Инклюзия – это про компромисс, принятие и эмпатию. По сути, весь мир сейчас будет нуждаться в инклюзивном сообществе как социальной форме. Инклюзия – это история не про людей с диагнозами, люди не должны объединяться по принципу одной беды, это про совместные действия. Более того, мы сейчас в такой ситуации, когда на ум приходит грустная, но правдивая фраза: здоровых людей нет, есть недообследованные. Возьми любого – найдётся признак, по которому человек может быть исключён из общества. Да, инклюзия начинается с явных отличий, но важно включить каждого, подружиться, принять. В своей команде я говорю: мы воспитываем поколение, которое не будет воевать ни при каких условиях, а войну не начнут те, кто будет думать о других.
– Вспомните, как было, когда вы стартовали, и как выглядит сейчас? Насколько изменилось общество, стало ли более открытым?
– Скажу так: если бы не было такой жёсткой политической обстановки в мире, наверное, всё было бы гораздо проще. Да, я меньше встречаю людей, которые бы противились совместному обучению детей в одном классе. Говорить про инклюзию стало модно и продвинуто. Но сегрегация, агрессия и поводы для них остались.
Получается замкнутый круг. Например, как организовываются утренники для детей с инвалидностью? Приглашают родителей только особенных детей. Как выдают квартиры выпускникам из детских домов? В одном блоке, в одном доме, и все они живут в своём мире, как в гетто. Случается и обратная сегрегация, которая часто приводит к иждивенческой позиции. "Ты человек с инвалидностью, тебе все должны".

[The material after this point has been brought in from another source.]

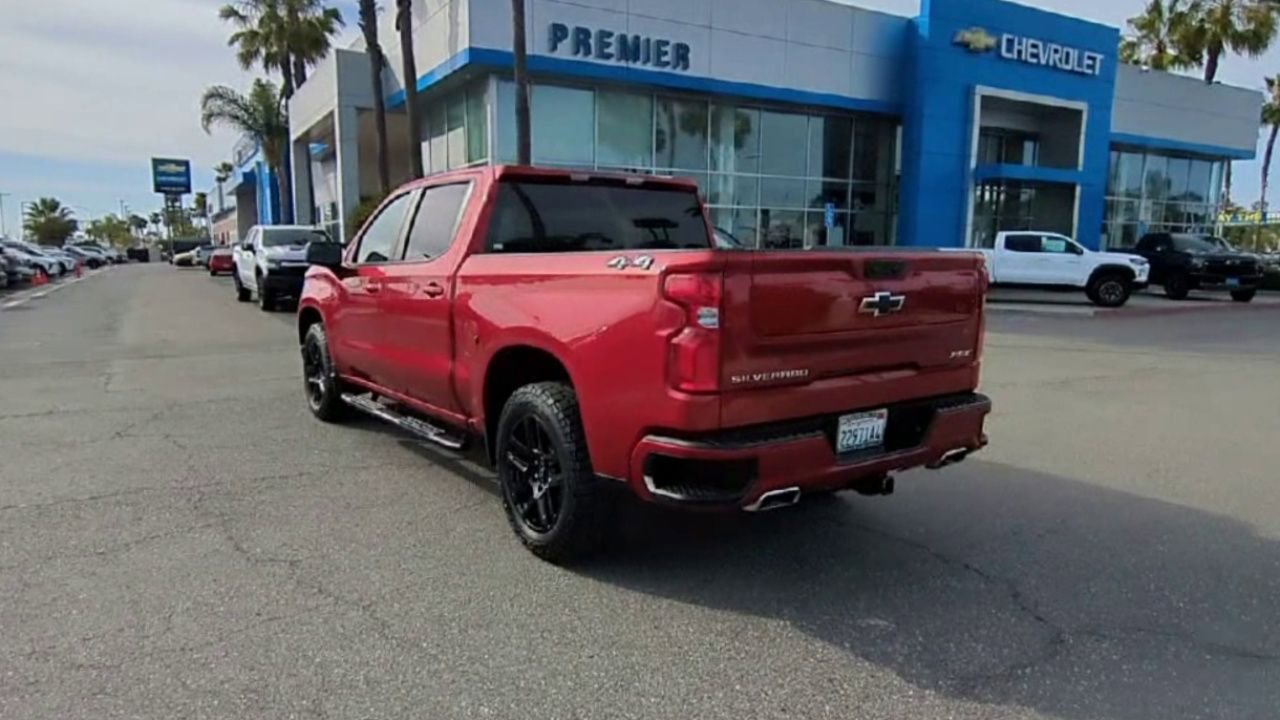 Certified 2024 Chevrolet Silverado 1500 RST AWD/4WD image 6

В нашей стране требуются научные социологические, статистические исследования – настоящие, не для галочки или того, чтобы обелить действия госорганов, которые бы показали, как действительно влияет каждая мера на общественное мнение.
– Тогда что мешает?
– Если считать инклюзию отражением некоторых процессов, могу сказать, что в Казахстане сложилась ситуация не очень хорошего отношения к детям на разных уровнях. Дети считаются не субъектами, а объектами: "Я дал тебе жизнь, вырастил, в старости – стакан воды". Это отношение не как к личности. Нужна непафосная, искренняя работа по развитию института семьи. Мы не можем развивать что-то в последующем, не развив базу, которой сейчас нет.
– Государство как-то может вам помочь?
– Лучшее, что может сделать государство в этом вопросе, – не мешать. К сожалению, мы как встречаем открытость и помощь, так и наблюдаем нежелание системно меняться, противодействие, когда на предложения в ответ начинают слепо защищаться.

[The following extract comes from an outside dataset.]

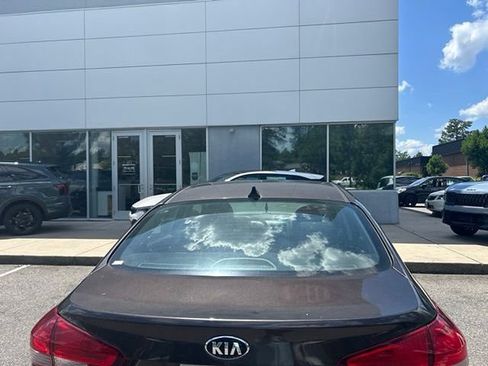 Used 2018 Kia Forte LX FWD image 6
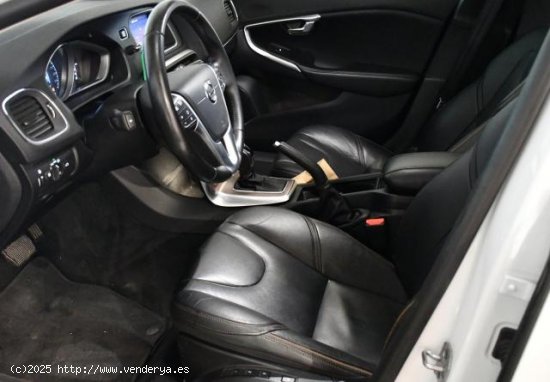 VOLVO V40 Cross Country en venta en AlcalÃ¡ de GuadaÃ­ra (Sevilla) - AlcalÃ¡ de GuadaÃ­ra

Мы не оцениваем, что вы сделали или не сделали, не надо оправдываться и защищаться, давайте оттолкнёмся от ситуации и придумаем, как будем менять ситуацию дальше – к лучшему вместе. Если государственный орган достаточно вменяемый и слышащий, он будет взаимодействовать и предлагать ресурсы. Изменения возможны только в таком диалоге. К сожалению, пока больше тех, которые защищают своё место, свою правоту.
Мы надеемся, что следующий тезис после "слышащего" будет "реагирующее государство": не мешающее, а дающее возможности для развития не по остаточному принципу, а идя навстречу, помогая ресурсами.